Starting from scratch
Also a beef producer and agricultural advocate, Kayla Shallard of Hixon’s KMS Land and Cattle Co., looks towards continuous improvement on her ranch.
“Before this, I had managed some other agricultural entities – beef, dairy, you name it. And then started having kids, and it is hard to do that kind of stuff with kids,” Shallard says. “I took a plunge on 60 leased cows three years ago and was able to make it work. I jumped in with both feet and haven’t looked back.”
Today, Shallard manages the ranch full-time raising 200 head of cattle, pigs, lambs, chickens and turkeys.
“It’s pretty hard to make it on just cow-calf these days, so we’re pretty creative,” Shallard says. “We do a lot of direct-to-consumer [sales] and farmers markets to sell our products. Grass-fed and grass-finished pasture-raised meat is kind of our thing.”
Shallard was introduced to agriculture through the Prince George 4-H club in which she was a member for nine years and a leader the last five.
Indeed, creativity is one way Shallard has been able to grow her operation. As a young first-generation rancher, land and capital are hard to come by.

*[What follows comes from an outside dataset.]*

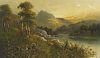 A group of 20th century oil paintings. To include: Frank Hider, (1861-1933), 'A summer evening in th
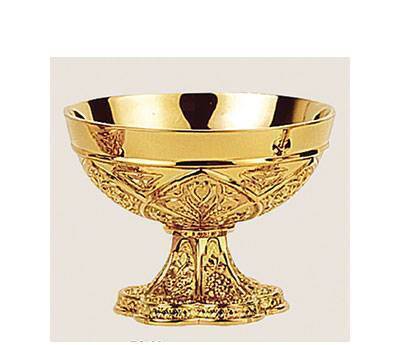 Gothic Chalice & Scale Paten With Sacred Heart, St. Mary, St. Joseph & Baby Jesus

So, she has leased land from Prince George to Quesnel, leased cattle, participated in hay shares and worked with Young Agrarians.
“That kind of generated a little bit of enough cash flow to actually present something to Farm Credit [Canada],” Shallard says. “Lots and lots of hustling for lack of better terminology. We’re full, full, full-tilt every day.”
As a previous Cattle Young Leaders program semi-finalist, Shallard is eager to build on the skill set she’s acquired in the five years since last applying. Between then and now, she’s been involved with the Prince George Cattlemen’s Association and BC Young Farmers, raised three boys and established her ranch.
“I’m pretty excited to get back at it because my career has definitely blossomed in those five years. And I even remember, last time I was in that position, you know, people always ask you like, where do you see yourself in five years?” Shallard says. “This is definitely not it.”
Shallard imagined herself managing someone else’s farm or some sort of office job in agriculture.
“But not running my own farm, not owning my own farm and farming every day. It’s definitely been an uphill battle but it’s been good,” Shallard says.
She looks forward to the beef conference this month because she says industry meetings “restart the fire.”
Without an engaged younger generation, she says there won’t be anyone to fill the gaps left behind by those aging out of the industry.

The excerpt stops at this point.